More circumstantially, Wright’s blog, his public records, and his verified writings on mail lists and Twitter sketch a man who matches with Satoshi Nakamoto’s known characteristics well enough to place him leagues above other candidates. He’s a former subscriber to the 1990s “cypherpunks” mailing list devoted to anti-authoritarianism and encryption, an advocate of gold as a financial tool, an accomplished C++ coder, a security professional plausibly capable of writing a tough-to-hack protocol like bitcoin, a libertarian who battled with tax authorities, and a fan of Japanese culture.

He is also—parallels to Nakamoto aside—a strange and remarkable person: an almost obsessive autodidact and double-PhD who once boasted of obtaining new graduate degrees at a rate of about one a year. He’s a climate-change denier, a serial entrepreneur who started companies ranging from security consultancies to a bitcoin bank, and an eccentric who wrote on his blog that he once accepted a challenge to create a pencil from scratch and spent years on the problem, going so far as to make his own bricks to build his own kiln in which to mix the pencil’s graphite.

Wright’s blogging and leaked emails describe a man so committed to an unproven cryptocurrency idea that he mortgaged three properties and invested more than $1 million in computers, power, and connectivity—even going so far as to lay fiberoptic cables to his remote rural home in eastern Australia to mine the first bitcoins. His company, Tulip Trading, built two supercomputers that have officially ranked among the top 500 in the world, both seemingly related to his cryptocurrency projects. (Wright seems to enjoy tulip references, a likely taunt at those who have compared bitcoin to the Netherlands’ 17th century “tulip bubble.”) The first of those supercomputers he named Sukuriputo Okane—Japanese for “script money.” Another, named Co1n, holds the title of the world’s most powerful privately owned supercomputer. As Wright told the Bitcoin Investor’s conference, he’s applying that second machine towards the mysterious task of “modeling Bitcoin’s scalability,” and meanwhile building an even more powerful supercomputing cluster in Iceland because of its cheap geothermal power.

Bitcoin watchers have long wondered why the giant cache of coins they attribute to Satoshi Nakamoto never moved on the bitcoin’s publicly visible blockchain. Wright’s “Tulip” trust fund of 1.1 million bitcoins may hold the key to that mystery.
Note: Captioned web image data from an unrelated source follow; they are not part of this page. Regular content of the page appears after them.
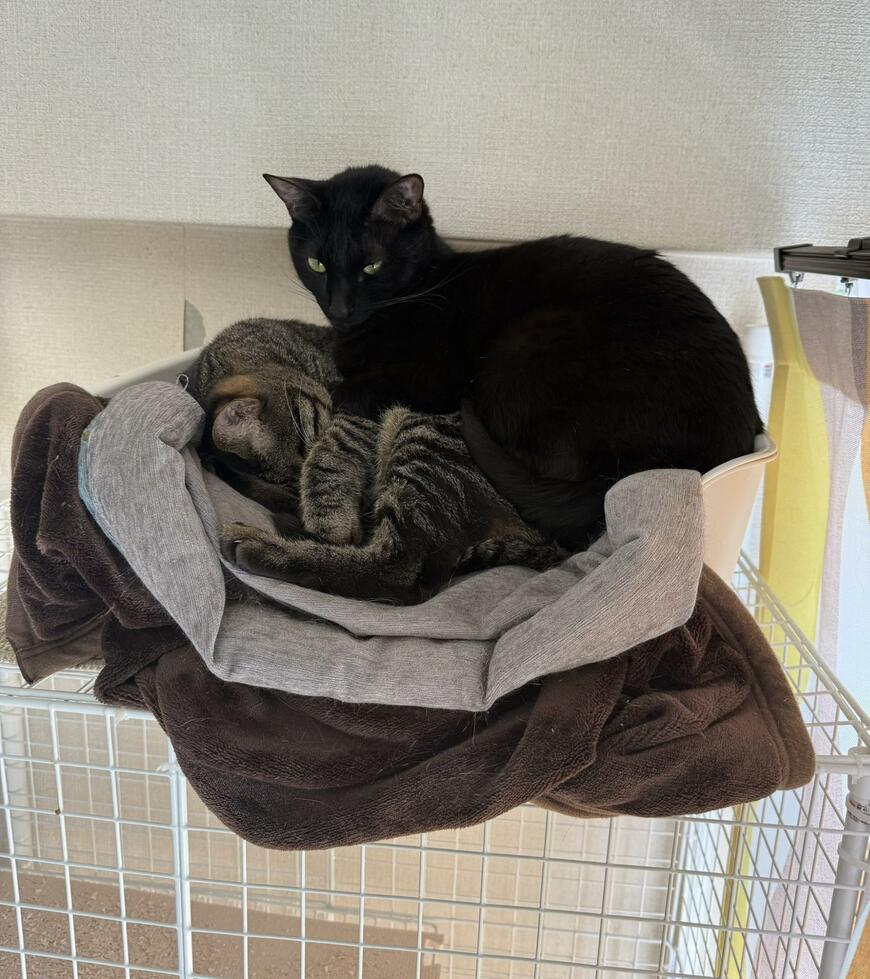 出所：@00shitemita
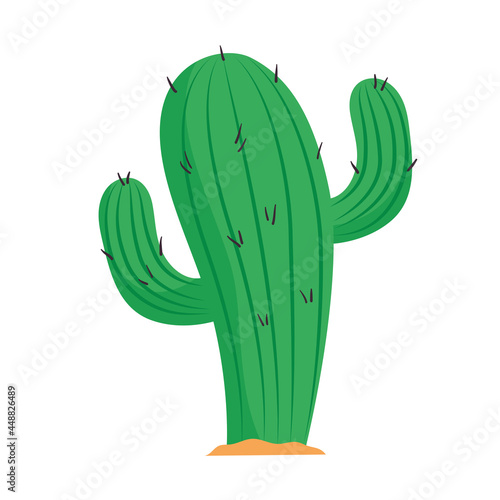 cactus plant nature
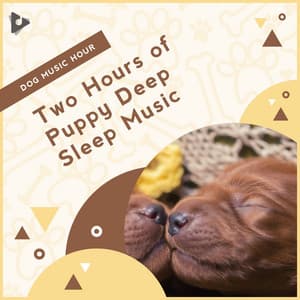 2 Hours of Puppy Deep Sleep Music - Dog Music Hour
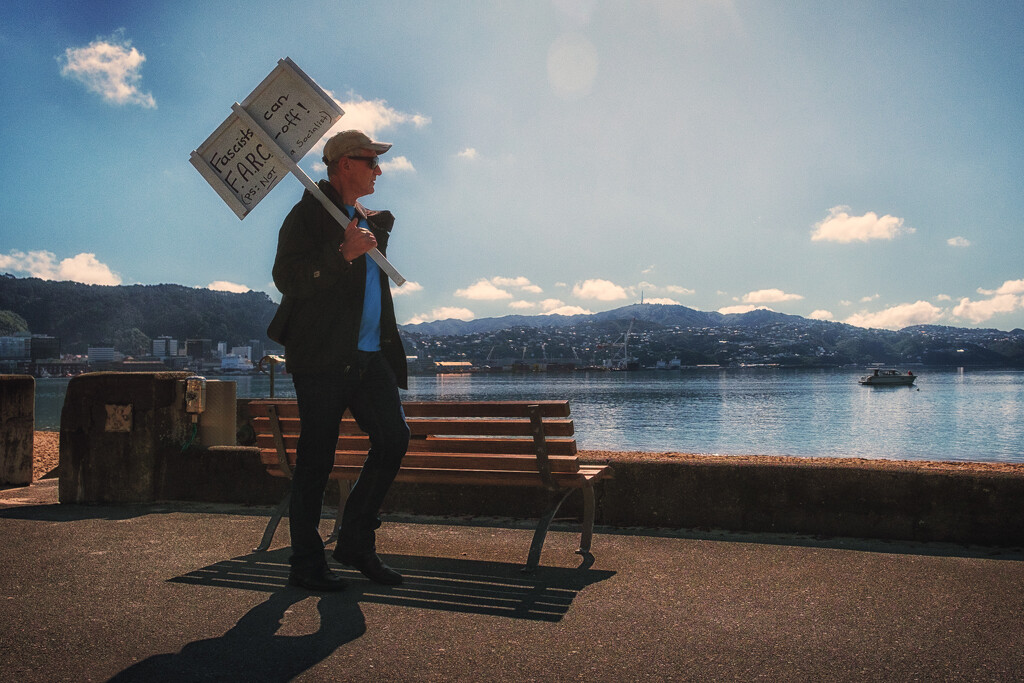 Promenading Protester by helenw2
The trust fund PDF signed by Wright’s late friend David Kleiman keeps those coins locked in place until 2020, yet gives Wright the freedom to borrow them for applications including “research into peer-to-peer systems” and “commercial activities that enhance the value and position of bitcoin.”

Despite those exceptions to the trust’s rules, the million-coin hoard has yet to budge, even after Kleiman’s death in 2013. That may be because Wright could be keeping the coins in place as an investment. He could be leveraging the trust in less visible ways, like legally transferring ownership of money to fund his companies while still leaving it at the same bitcoin address. Or he might still be waiting for January 1st, 2020, a countdown to a date that could take the lid off the biggest cryptocurrency fortune in history.

Coming Clean

In spite of all the clues as to Wright’s possible secret life—some that he apparently placed himself—Wright has demonstrated such a talent for obfuscation and a love of privacy that he’s never even raised the suspicions of most Nakamoto-worshipping bitcoiners. “If we don’t want to go out there and say ‘I’m a billionaire,’ or ‘I’m running XYZ,’ or ‘this is my life,’ I shouldn’t have to tell people that,” Wright told the Las Vegas crowd in October when an audience member asked his thoughts about what bitcoin means for property rights. “We should be able to choose how we live.”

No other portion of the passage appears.